#### [GOAL OF THE EXERCISE]
Locate the line bearing "Tradisi Basuh Kaki, Momen" in the material below, then reproduce it and each following line up to and including the line bearing "QA Earrings with Diamonds Soft Embrace".

#### [DATA TO PROCESS]
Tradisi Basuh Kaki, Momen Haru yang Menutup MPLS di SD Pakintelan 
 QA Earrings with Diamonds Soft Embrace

---

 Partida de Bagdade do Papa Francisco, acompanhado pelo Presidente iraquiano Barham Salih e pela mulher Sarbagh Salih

#### [TASK RESPONSE]
Tradisi Basuh Kaki, Momen Haru yang Menutup MPLS di SD Pakintelan 
 QA Earrings with Diamonds Soft Embrace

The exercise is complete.